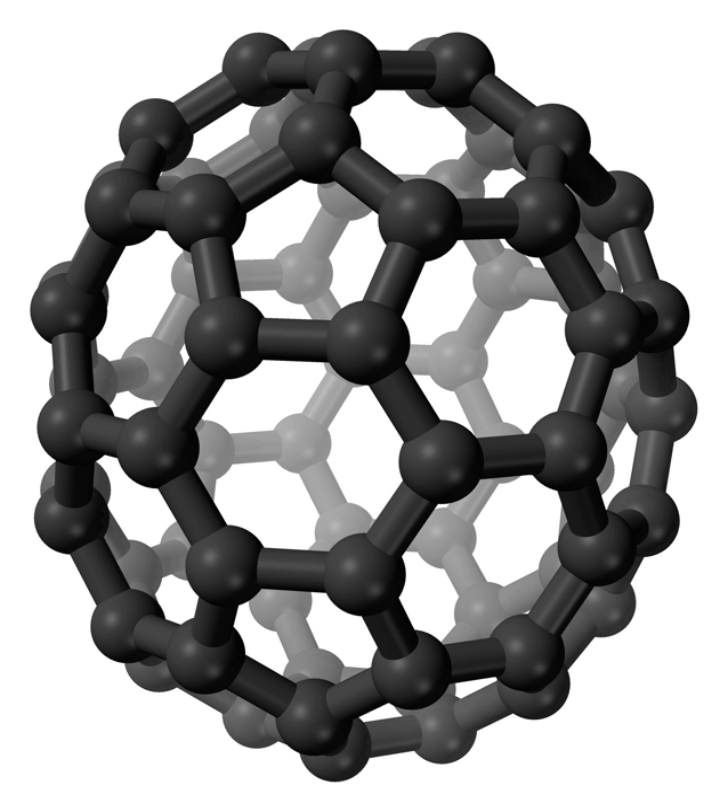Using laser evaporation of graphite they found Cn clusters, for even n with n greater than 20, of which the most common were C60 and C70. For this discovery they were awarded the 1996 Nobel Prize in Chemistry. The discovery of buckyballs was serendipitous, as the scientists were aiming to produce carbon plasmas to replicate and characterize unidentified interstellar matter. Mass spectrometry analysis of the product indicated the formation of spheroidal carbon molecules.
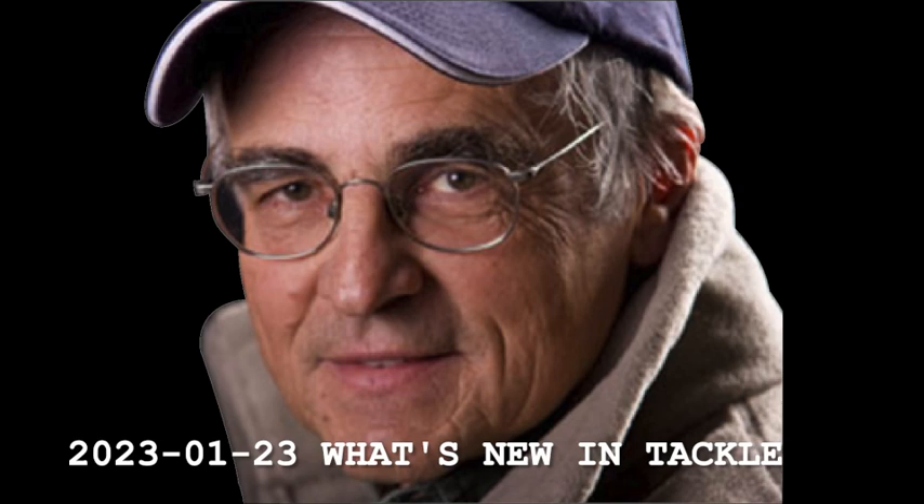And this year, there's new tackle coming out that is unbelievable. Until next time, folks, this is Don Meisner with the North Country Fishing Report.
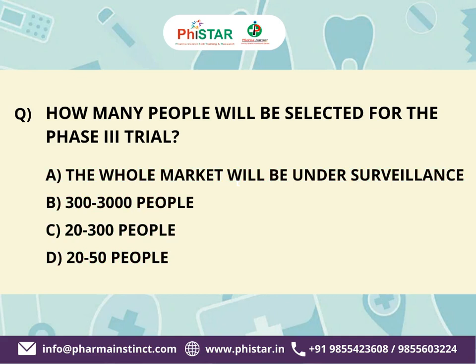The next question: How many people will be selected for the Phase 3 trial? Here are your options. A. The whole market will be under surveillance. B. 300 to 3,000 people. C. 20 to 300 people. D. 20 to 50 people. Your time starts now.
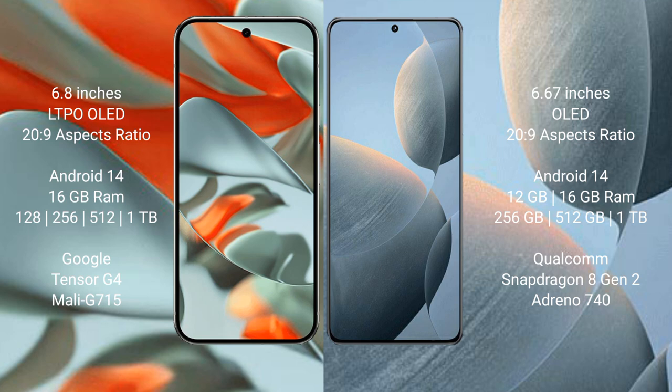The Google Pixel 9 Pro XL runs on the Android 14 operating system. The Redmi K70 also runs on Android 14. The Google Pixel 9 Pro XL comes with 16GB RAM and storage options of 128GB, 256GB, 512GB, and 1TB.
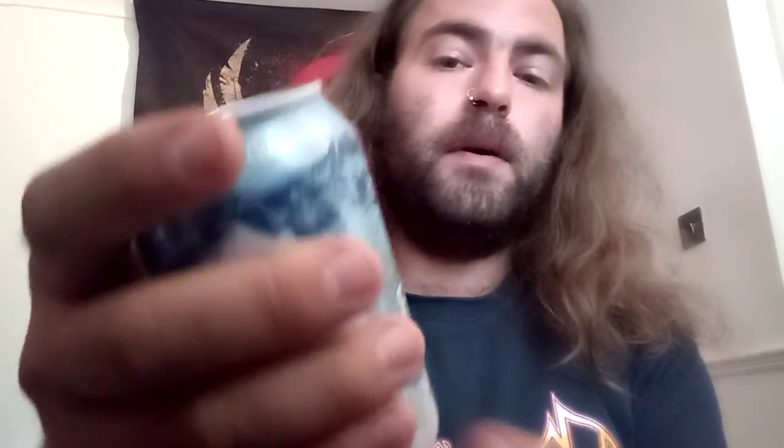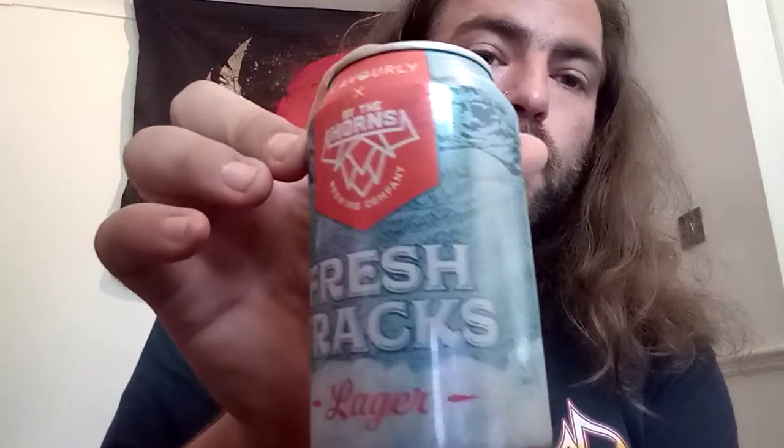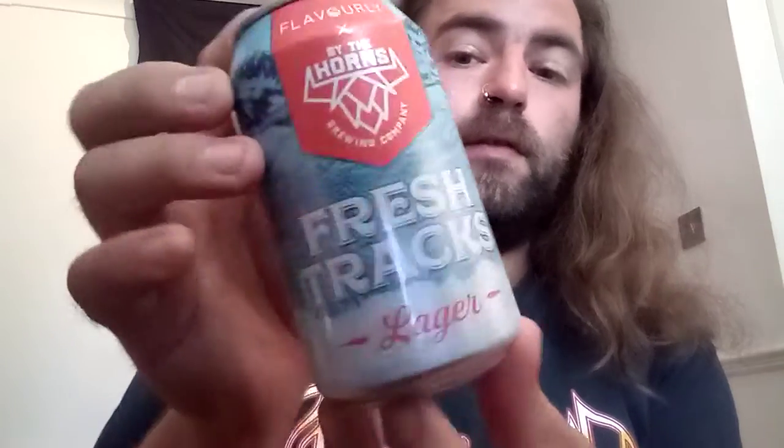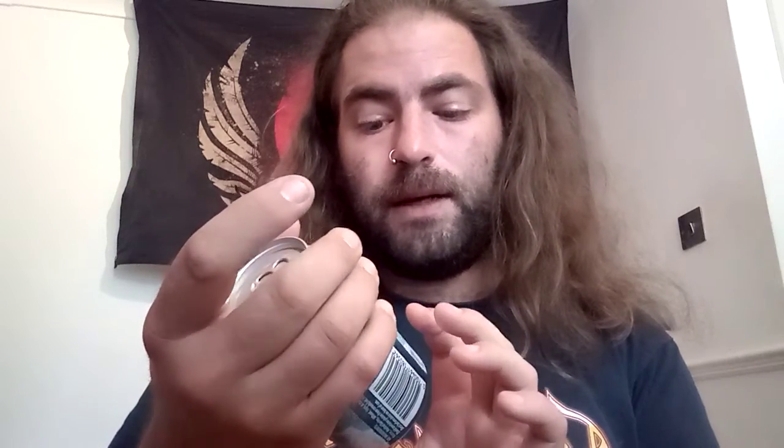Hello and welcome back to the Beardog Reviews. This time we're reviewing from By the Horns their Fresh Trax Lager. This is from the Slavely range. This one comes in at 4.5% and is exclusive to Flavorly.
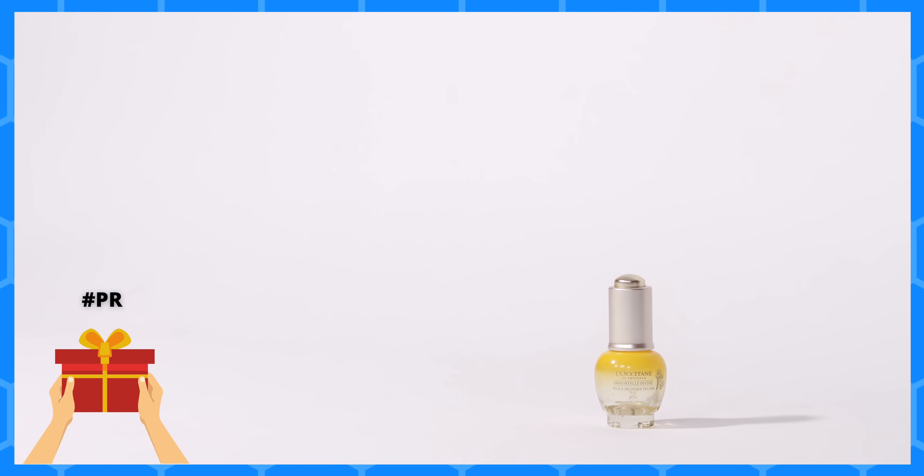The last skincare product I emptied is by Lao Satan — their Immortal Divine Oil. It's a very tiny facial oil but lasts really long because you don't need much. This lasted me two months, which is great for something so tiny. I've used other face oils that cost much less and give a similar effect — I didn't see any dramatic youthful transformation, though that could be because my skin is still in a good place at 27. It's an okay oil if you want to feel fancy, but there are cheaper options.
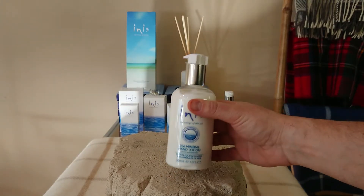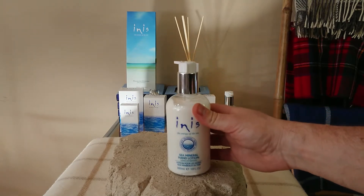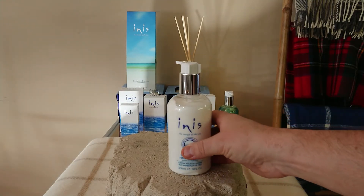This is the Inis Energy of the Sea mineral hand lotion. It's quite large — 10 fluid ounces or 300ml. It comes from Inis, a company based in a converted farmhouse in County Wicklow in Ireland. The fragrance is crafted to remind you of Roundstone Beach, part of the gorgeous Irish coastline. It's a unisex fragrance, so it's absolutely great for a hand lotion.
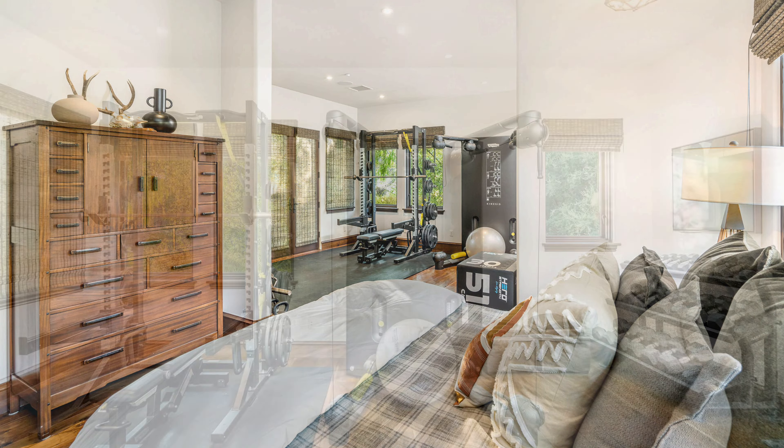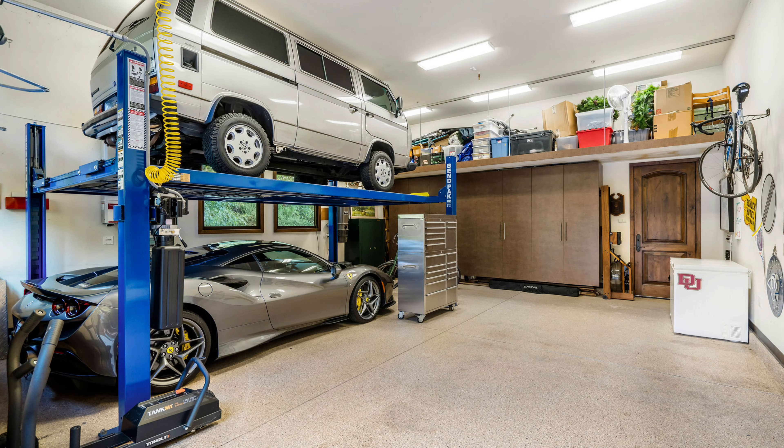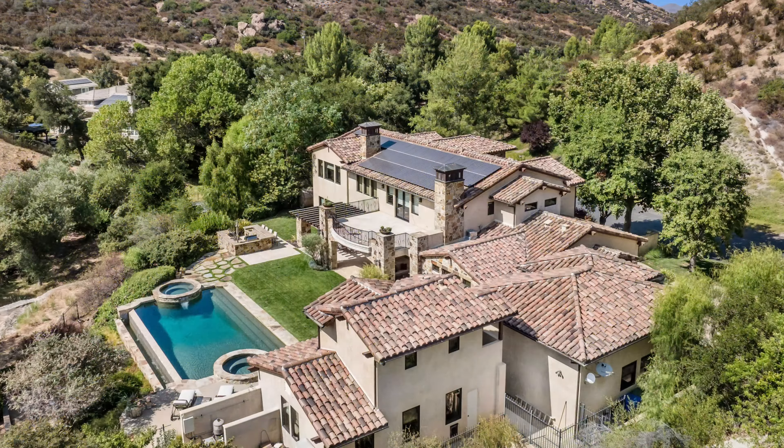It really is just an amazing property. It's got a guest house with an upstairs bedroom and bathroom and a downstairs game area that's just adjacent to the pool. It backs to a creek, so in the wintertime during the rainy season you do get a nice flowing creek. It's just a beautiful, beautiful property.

:::

Would you set down only the lines above from the line with "And this year, there's" to the line with "The Google Pixel 9 Pro XL runs", both included, exactly as they stand and without the pictures?

And this year, there's new tackle coming out that is unbelievable. Until next time, folks, this is Don Meisner with the North Country Fishing Report.
The next question: How many people will be selected for the Phase 3 trial? Here are your options. A. The whole market will be under surveillance. B. 300 to 3,000 people. C. 20 to 300 people. D. 20 to 50 people. Your time starts now.
The Google Pixel 9 Pro XL runs on the Android 14 operating system. The Redmi K70 also runs on Android 14. The Google Pixel 9 Pro XL comes with 16GB RAM and storage options of 128GB, 256GB, 512GB, and 1TB.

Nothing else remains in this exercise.